Alfredo Ambrosetti (25 June 1931 - 6 September 2025) was an Italian management consultant, regarded as one of the pioneers of business consultancy in Italy and best known for founding the Ambrosetti Forum in Cernobbio.

==Early life and education==
Ambrosetti's father, Antonio, owned two garages and a fuel station in Varese and was active as sports executive in cycling — he chaired the organising committee for the 1951 UCI Road World Championships. Antonio named his son after the champion rider Alfredo Binda, who had married a relative of the family.

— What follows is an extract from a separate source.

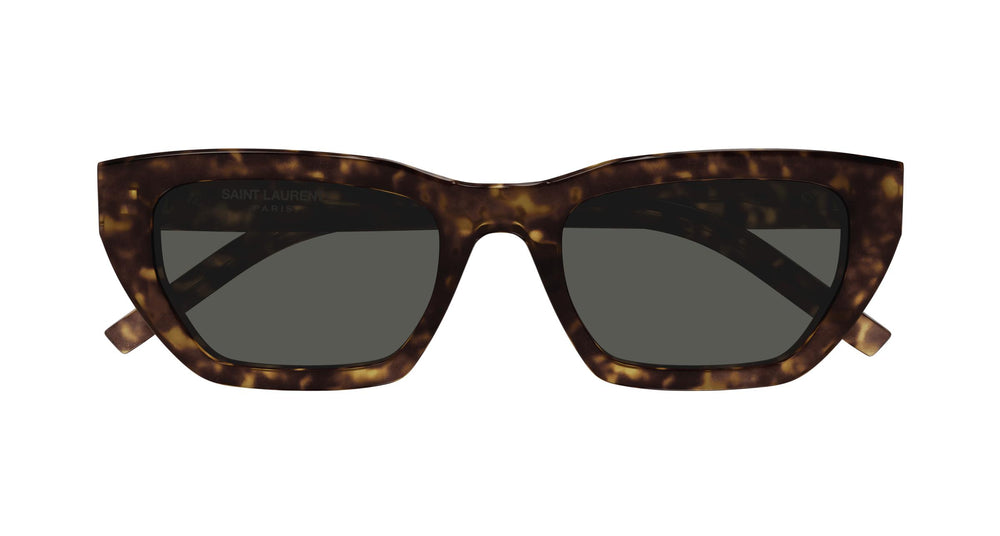 Saint Laurent SL M127/F 002 53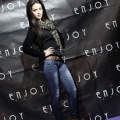 Casting Enjoy Sala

After graduating from high‑school, Ambrosetti studied economics at the Università Cattolica del Sacro Cuore in Milan and earned his degree in 1954. Upon graduating he joined the Edison company and, after a period in Italy, the firm awarded him a scholarship in 1959 to pursue a master's degree at the Syracuse University, in the United States. Through Edison's managing director Giorgio Valerio, Ambrosetti later worked with prominent companies such as IBM, Ford Motor Company, General Motors, Kodak and Standard Oil.

==Career==
Returning from the U.S., Ambrosetti continued his career at Edisonvolta, but also began providing business‑development consultancy, which was then a nascent sector in Italy. When the Italian government nationalised electricity production in 1963, he turned down a position at the newly created ENEL and decided to focus exclusively on consultancy. In 1965 he established Studio Ambrosetti in Milan with three collaborators. One of the firm's first clients was the Bombrini Parodi Delfino group; Ambrosetti forged lasting relationships with executives Mario Schimberni and Cesare Romiti.

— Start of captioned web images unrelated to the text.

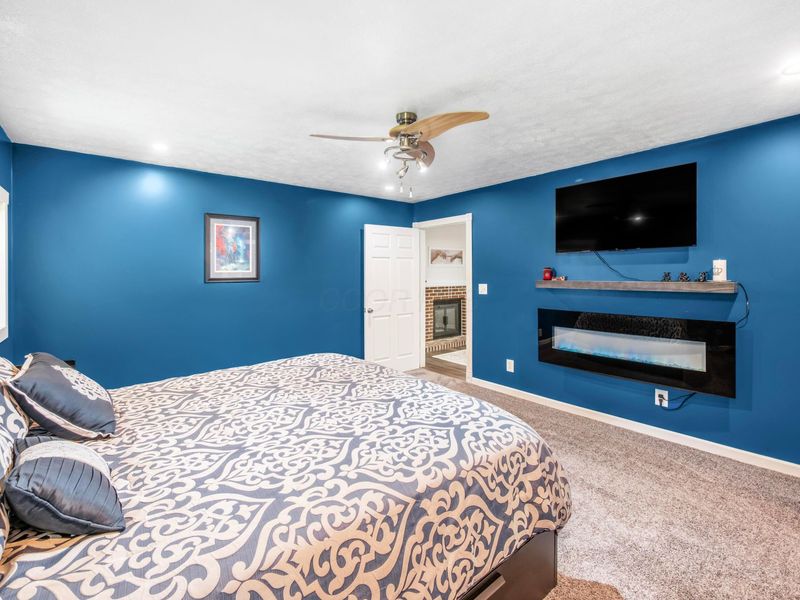 1004 Adare Road , Marion, OH 43302 Photo 15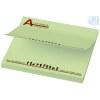 Mémo-autocollants Sticky-Mate® 75x75mm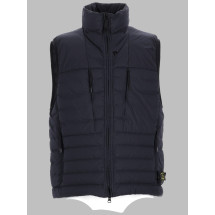 [Stone Island] T-shirts Sleeveless SS26 G100007_S0183V0020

Over the years, Ambrosetti's firm evolved into an internationally known think tank that combined consultancy and research, organised training meetings and promoted dialogue among institutions, business leaders and academics. In 1973 Ambrosetti launched the Aggiornamento Permanente (AP, which was later translated in English as "Lifelong Learning") programme of roughly one hundred meetings a year to help people in high‑responsibility roles develop leadership skills, broaden their strategic vision and build networks. He also sat on the boards of companies such as Marzotto and Barilla; for the latter he assisted Pietro Barilla in buying back the majority stake from W.R. Grace & Co.

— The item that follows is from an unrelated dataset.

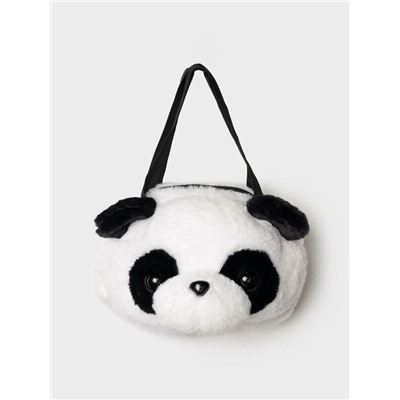 Сумка для девочек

During a session of the Aggiornamento Permanente in 1974, Ambrosetti and scientist Umberto Colombo decided to merge discussions on research, economics and socio‑politics into one event. Their idea led to the creation of the Ambrosetti Forum at Villa d'Este, Cernobbio, whose inaugural edition in 1975 had modest attendance because it was held in early July and coincided with U.S. Independence Day. Encouraged by fellow economist Beniamino Andreatta, Ambrosetti persevered; moving the gathering to September and increasing investment turned the "Cernobbio Forum" into a strategic meeting point for economic, academic, institutional and political leaders worldwide.

Between 1986 and 1992 the Studio Ambrosetti collaborated with Italian television host Piero Angela to produce “Quark Economia” and “Quark Europa”, two TV programmes that explained contemporary finance and the challenges of European integration. In the same years, the Aggiornamento Permanente was extended to the United States.

In 2002, Ambrosetti helped promote Varese’s successful bid to host the 2008 UCI Road World Championships. In 2007, he was awarded the title of Cavaliere del Lavoro (Knight of the Order of Merit for Labour of the Italian Republic) and stepped down from Studio Ambrosetti (renamed The European House – Ambrosetti in 2005) at the end of 2008 following a management buyout, while remaining honorary president until 2016.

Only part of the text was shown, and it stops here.